Savaş Buldan'ın eşi Pervin Buldan, 20 yılı geride bıraktıklarını, ancak bu 20 yıl zarfında değişen bir şey olmadığını belirterek, şunları söyledi:

"20 yıl önce bugün, bu 3 güzel insan Çınar Oteli'nden alınarak, Bolu'nun Melen Çayı kenarında yoğun işkenceler yapılmış, sigara ve naylonlar yakılmış halde cesetleri bulundu. 1990 ve 2000'li yıllar Kürdistan'da ve Kürt evlerinde her gün ateşlerin yandığı, yüreklere ateşlerin düştüğü, annelerin ağladığı bir dönem. O günden bu güne hiçbir şey değişmedi. Onları öldürenler hâlâ cezasız, ellerini kollarını sallayarak dolaşmaya devam ediyorlar. Ne yazık ki bu ülkede hırsızlık yapanlar, yolsuzluk yapanlar, insanları katledenler hiçbir zaman cezalandırılmadı. Ama tam da aksine, bu ülkede mağdur olanlar, yakınlarını kaybedenler, bir halkın özgürlüğünü savunanlar her gün cezalandırıldı. Böylesi bir düzende kayıp yakınları olarak her gün alanlara çıktık. Sesimizi dünyaya duyurmak istedik. Yitirdiğimiz canların failleri bulunsun istedik ama, 20 yıldır bu insanlar suçlarını itiraf etmelerine rağmen, 'Biz katlettik' demelerine rağmen, ne yazık ki cezalandırılmadılar. Dönemin Başbakanı, Emniyet Genel Müdürleri, OHAL Valileri bu cinayetlerden sorumludurlar, ama hiçbirisi sorgulanmamıştır. Biz bir kez daha siyasi iradenin bu konuda sorumluluk üstlenmesi gerektiğini, faillerin bir an önce yakalanması, sorgulanması, cezalandırılması gerektiğini ifade ediyoruz. TBMM Hakikatleri Araştırma ve Hukuk Komisyonu'nun mutlaka kurulması gerektiğinin altını çiziyoruz. Bu insanlar yargılanmadığı, cezalandırılmadığı sürece, bizlerin yüreğindeki acı dinmeyecektir. Tek beklentimiz budur."

 

"BİZİM AÇIMIZDAN 'ÖLMÜŞTÜR, GEÇMİŞTİR' KABUL EDECEĞİMİZ BİR AHLAKSIZLIK DEĞİLDİR"
HDP Eş Genel Başkanı Sebahat Tuncel de, "Geçmişle yüzleşme cesaretini göstermeyenler yeni bir başlangıcı asla yapamazlar. Bu katilamın üzerine kurulan bir cumhuriyetin demokratikleşmesi mümkün değildir" dedi. 
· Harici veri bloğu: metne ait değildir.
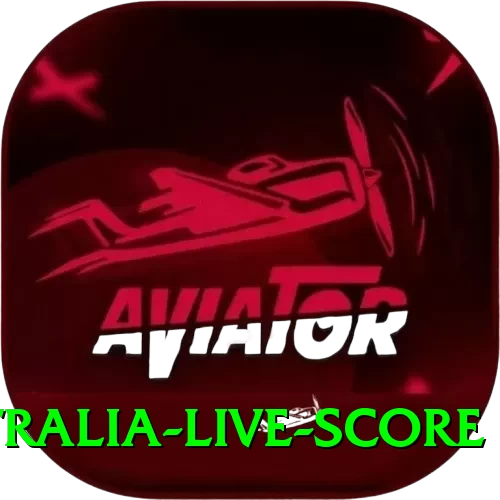india australia live score Ultimate Pro v4.6.0 - 2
 "Halk, özgücüne güvenerek, zalime ve zulme direniş gösterebiliyorsa, işte bu ailelerimizin yol gösterişi sayesindedir" diyen BDP Eş Genel Başkanı Selahattin Demirtaş da şunları söyledi:

"90'lı yıllarda, 'Ben insanım, Aleviyim, Kürdüm' demeye cesaret gösteremediği günlerde, bu ailelerimiz faşizme direniş gösteriyorlardı. Bu anlamlı direniş sayesinde bugünkü kazanımlarımız var olmuştur. Kendi ölülerini, şehitlerini unutan bir toplum asla geleceğini kuramaz. Bizim açımızdan 'Ölmüştür, geçmiştir' kabul edeceğimiz bir ahlaksızlık değlidir. Her insan bir değerdir. Partimiz şehitlerimize böylesine bir bağlılıkla değer katmaya sahip çıkmaya çalıştı. Başbakan diyor ya "Ne anması. Her yıl anma mı olur?" Hayır başbakan bir gün sen ölürsen öyle diyeceğiz; "Ölmüştür, geçmiştir" diyeceğiz ama, bu halkın değerlerine bunu dedirtmeyeceğiz. Berkin Elvan da, Uğur Kaymaz da, Ceylan Önkol da olsa, 'Ölmüştür, geçmiştir' dedirtmeyeceğiz. Birbirimize sahip çıkacağız. Bu zalimlerin zulüm kalelerini işbirliğiyle yıkacağız. Nasıl korktuklarını biliyorsunuz. Özgücü, özgüveni olan başbakan bu şekilde halka saldırmaz. Ayağı titreyerek siyaset yapmaz. Kendisi de farkındadır, gidicidir. Bu halk, Recep Tayyip Erdoğan'a nasıl halk olduğunu gösterecek. AKP kendine çeki düzen verecek ya da Çiller gibi yok olup gidecek. Çiller bugün bile unutuldu, bu 3 şehit unutulmadı. Katleden tetikçiler belki hesabı yargı karşısında vermediler ama emri verenler tarih karşısında rezil kepaze oldular, onursuzlaştılar, ama bizim şehitlerimiz bizim mücadelemize onur kattılar.